An exact transcription of all the data is required; the pictures are to be left out.

• **Data shown**:
◇ ◇ ◇ ◇ ◇ ◇ ◇

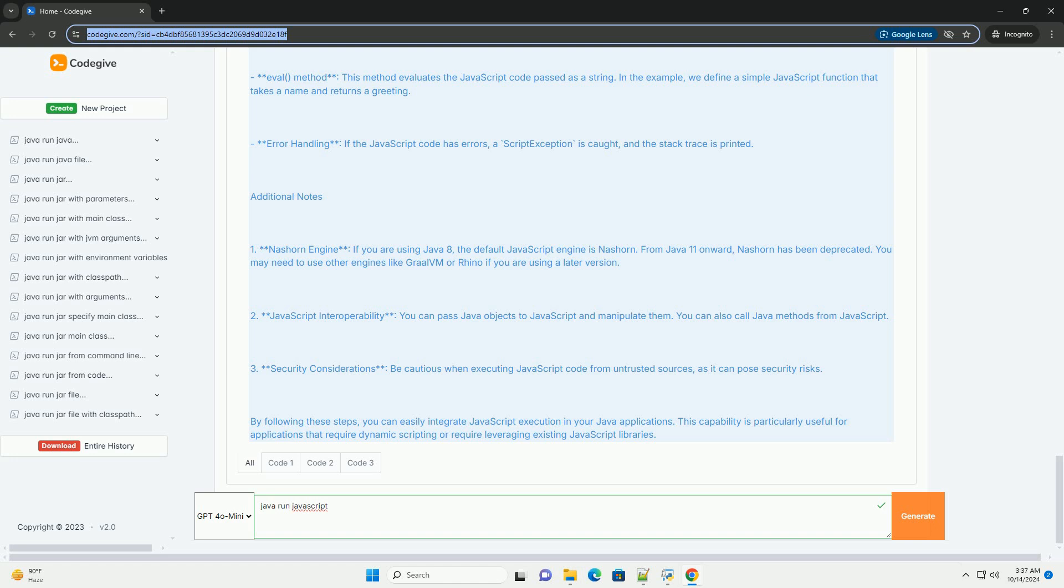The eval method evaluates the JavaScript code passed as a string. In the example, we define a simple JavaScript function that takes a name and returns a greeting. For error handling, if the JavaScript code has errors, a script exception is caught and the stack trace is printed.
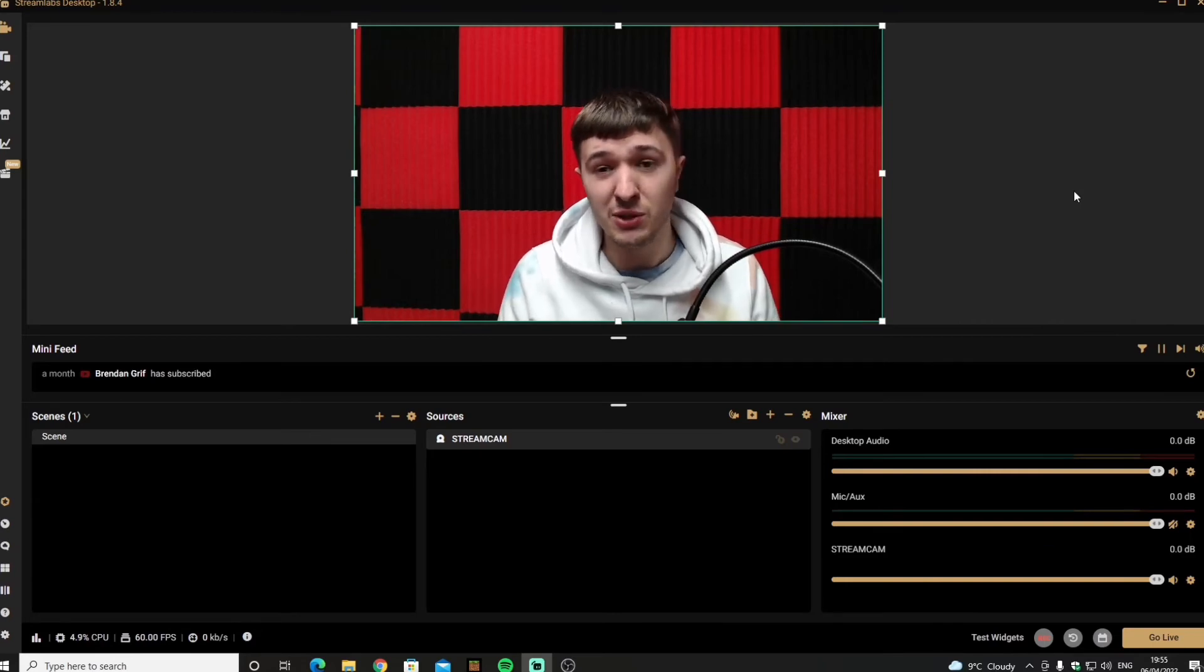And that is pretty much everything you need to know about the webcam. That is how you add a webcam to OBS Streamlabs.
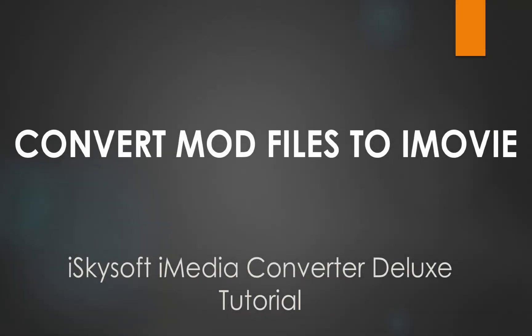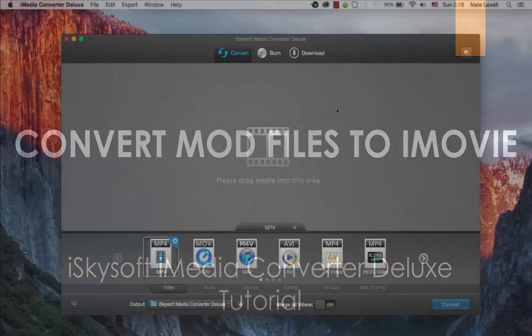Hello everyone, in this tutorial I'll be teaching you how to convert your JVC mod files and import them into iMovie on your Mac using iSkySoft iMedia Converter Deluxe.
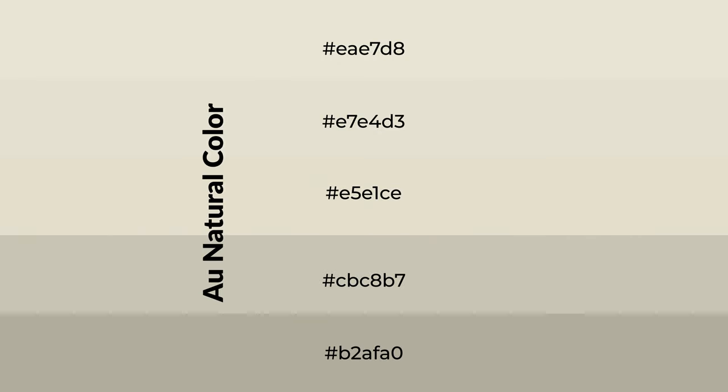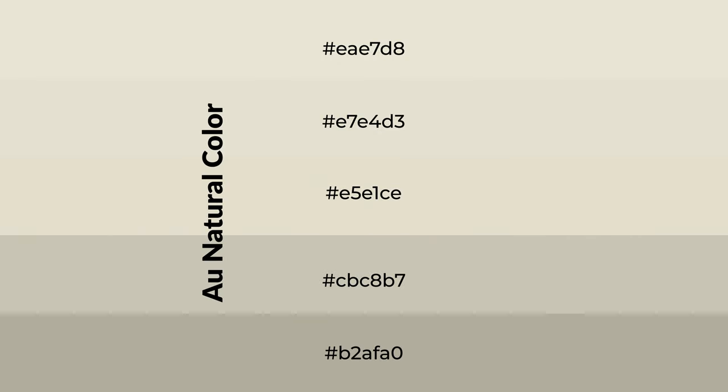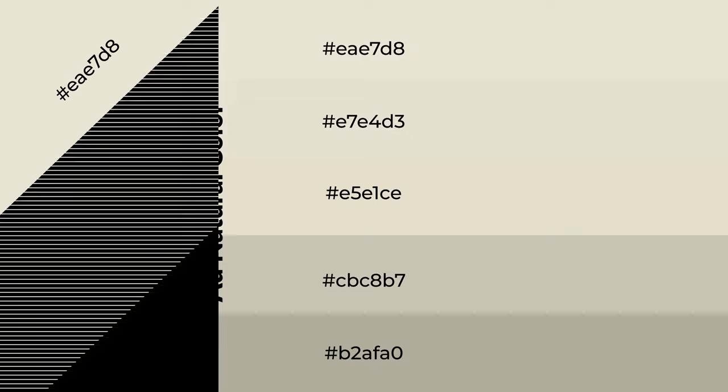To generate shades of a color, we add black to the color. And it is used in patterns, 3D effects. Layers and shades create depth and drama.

◇ ◇ ◇ ◇ ◇ ◇ ◇

• **Answer space**:
The eval method evaluates the JavaScript code passed as a string. In the example, we define a simple JavaScript function that takes a name and returns a greeting. For error handling, if the JavaScript code has errors, a script exception is caught and the stack trace is printed.
And that is pretty much everything you need to know about the webcam. That is how you add a webcam to OBS Streamlabs.
Hello everyone, in this tutorial I'll be teaching you how to convert your JVC mod files and import them into iMovie on your Mac using iSkySoft iMedia Converter Deluxe.
To generate shades of a color, we add black to the color. And it is used in patterns, 3D effects. Layers and shades create depth and drama.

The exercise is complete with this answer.